Recorded data =
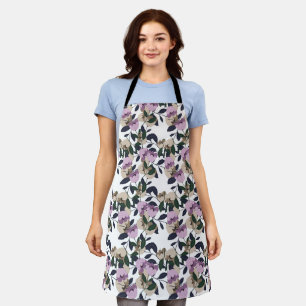 Violet floral design birthday christmas gift apron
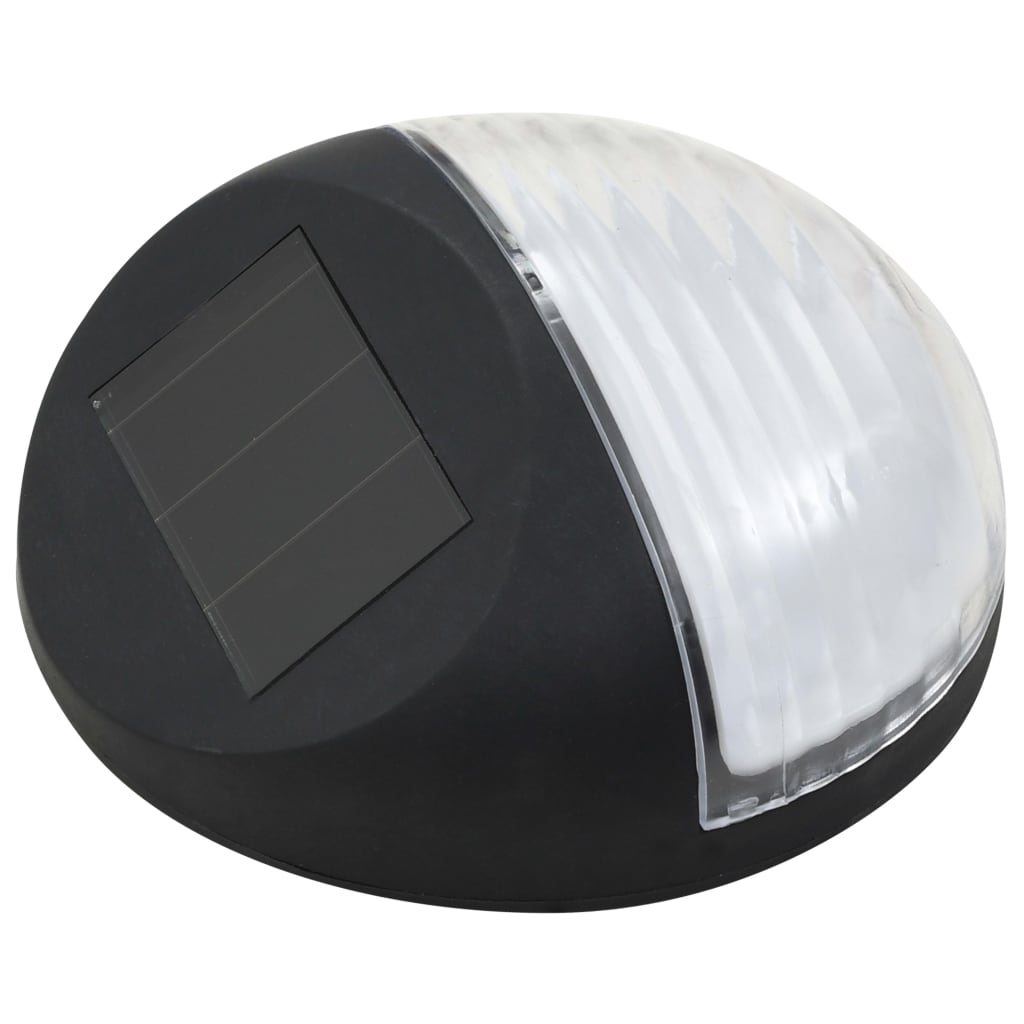 Vidaxl Lampade a parete solare LED 24 mtre rotonde nera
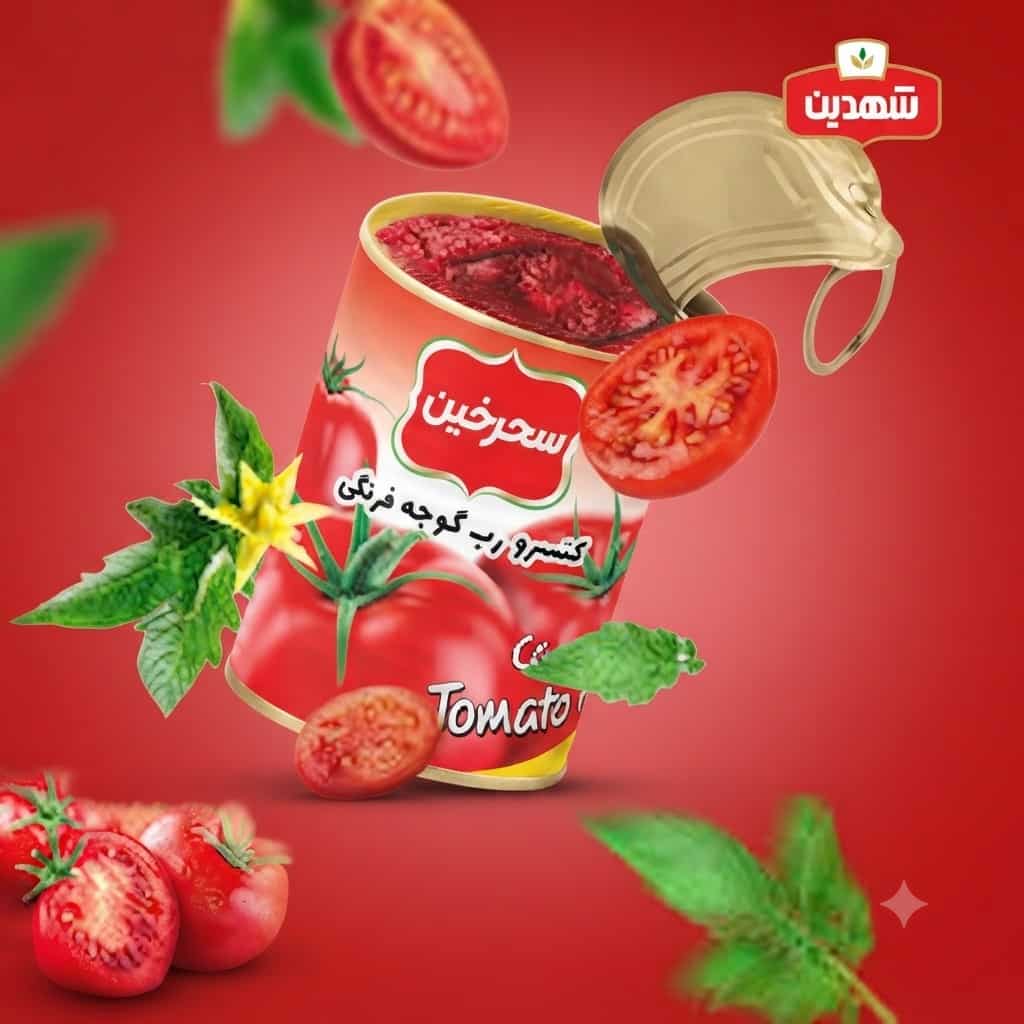 رب گوجه فرنگی شهدین تهیه شده از گوجه های تازه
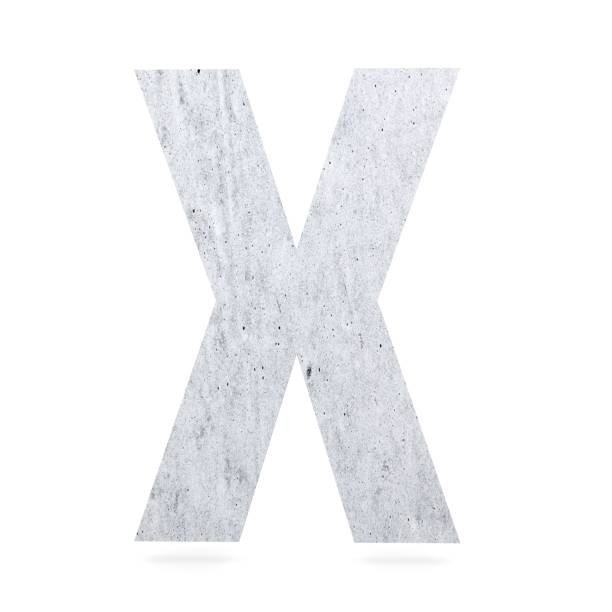 istock 3D decorative concrete Alphabet, capital letter X 870528384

What to work on =
Return the full set of lines above word for word and with no pictures.

Solution to this task =
 Violet floral design birthday christmas gift apron
 Vidaxl Lampade a parete solare LED 24 mtre rotonde nera
 رب گوجه فرنگی شهدین تهیه شده از گوجه های تازه
 istock 3D decorative concrete Alphabet, capital letter X 870528384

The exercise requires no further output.